Origin of “Hizzoner”

The term was first used in 1882. William Safire has said that the term was first popularized during the mayoralty of Fiorello LaGuardia; LaGuardia, as Safire says, was definitely not a formal figure, so a nickname which played with his office’s formal title sat well with him.

In 2019, when New York mayor Bill DeBlasio was running for the presidency, CBS created a feature called “Where’s Hizzoner?” The regular segment tracked DeBlasio’s movements and was a response to criticism that the mayor was spending too much time on the campaign trail and not enough governing the city.

New York’s tabloids aren’t generally known for their subtlety. Headlines about the mayor include items like “Hizzoner, the humongous hypocrite for sale,” which ran in the Daily News in 2018 and read, in part, 

“Here’s what Bill de Blasio, campaign-finance-reform champion and world-class hypocrite, said to the guy breaking the law and those systems to get bribe money to him: “Listen, I don’t know, I don’t want to know. Just do whatever you got to do.”

When Michael Bloomberg, the billionaire co-founder of Bloomberg MP, was running for mayor of New York, his own media had to chronicle his campaign. This made for some puzzling writing. “Hizzoner, Mayor Bloomberg?” read a headline in Bloomberg Businessweek

“So what makes a billionaire media executive who runs a company with 7,200 employees think he can manage the Big Apple and its 8 million citizens? Truth is, Michael R. Bloomberg thinks he can do pretty much anything. Especially when everyone else thinks he can’t. Once he officially announces his candidacy in two months or so, Bloomberg will sell himself to the voters as a political outsider with vision and managerial expertise. “I won’t be beholden to anybody,” he vows.”

Chicago mayors can also be called “Hizzoner” – so can any big-city mayor. For example, the Wall Street Journal reported on a plan to lure businesses to Chicago by offering lower taxes:

“The bright idea comes from Chicago Mayor Richard Daley, who is looking to lure employers from Oregon after that state’s voters approved a huge tax increase last week. The tax hike in Oregon “will help our economic development immediately.

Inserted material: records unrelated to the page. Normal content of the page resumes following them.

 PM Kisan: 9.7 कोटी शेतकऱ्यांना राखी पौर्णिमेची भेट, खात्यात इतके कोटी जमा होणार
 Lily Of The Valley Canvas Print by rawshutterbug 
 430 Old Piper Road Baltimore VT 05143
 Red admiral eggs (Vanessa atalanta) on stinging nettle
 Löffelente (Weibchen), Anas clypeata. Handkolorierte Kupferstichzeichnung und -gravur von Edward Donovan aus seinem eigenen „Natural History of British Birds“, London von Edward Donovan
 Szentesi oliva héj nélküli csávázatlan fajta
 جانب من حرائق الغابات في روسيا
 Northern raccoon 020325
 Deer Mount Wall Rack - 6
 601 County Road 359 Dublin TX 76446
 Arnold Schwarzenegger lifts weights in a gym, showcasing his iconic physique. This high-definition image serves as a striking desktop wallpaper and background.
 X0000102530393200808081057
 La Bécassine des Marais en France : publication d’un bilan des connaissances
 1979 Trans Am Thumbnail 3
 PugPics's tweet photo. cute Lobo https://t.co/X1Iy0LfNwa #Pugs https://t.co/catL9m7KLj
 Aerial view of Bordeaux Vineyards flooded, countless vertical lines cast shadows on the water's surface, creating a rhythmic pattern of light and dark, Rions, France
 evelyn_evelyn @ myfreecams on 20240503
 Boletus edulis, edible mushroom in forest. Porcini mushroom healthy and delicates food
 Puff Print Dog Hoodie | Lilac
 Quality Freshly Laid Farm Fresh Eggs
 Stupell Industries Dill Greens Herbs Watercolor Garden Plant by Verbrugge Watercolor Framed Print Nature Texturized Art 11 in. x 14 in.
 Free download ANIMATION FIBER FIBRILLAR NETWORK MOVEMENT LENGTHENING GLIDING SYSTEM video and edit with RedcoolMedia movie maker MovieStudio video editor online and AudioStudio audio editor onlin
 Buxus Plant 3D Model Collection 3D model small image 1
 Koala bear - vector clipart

You’d better believe it,” Hizzoner told the Chicago Sun Times late last week. “We’ll be out in Oregon enticing corporations to relocate to Chicago.”

In Los Angeles, the Los Angeles Times ran a slightly snarky item titled “Hizzoner Talks!” to announce an upcoming talk by mayor Eric Garcetti, who had been in office just a few months at the time.

A number of plays and movies have used the title “Hizzoner,” usually to recount the biography of one mayor or another. Hizzoner was also the name of a very short-lived sitcom starring Kathy Cronkite and Mickey Deems. The show focused on the ups and downs of life as the mayor of a small midwestern town and ran for one season in 1979.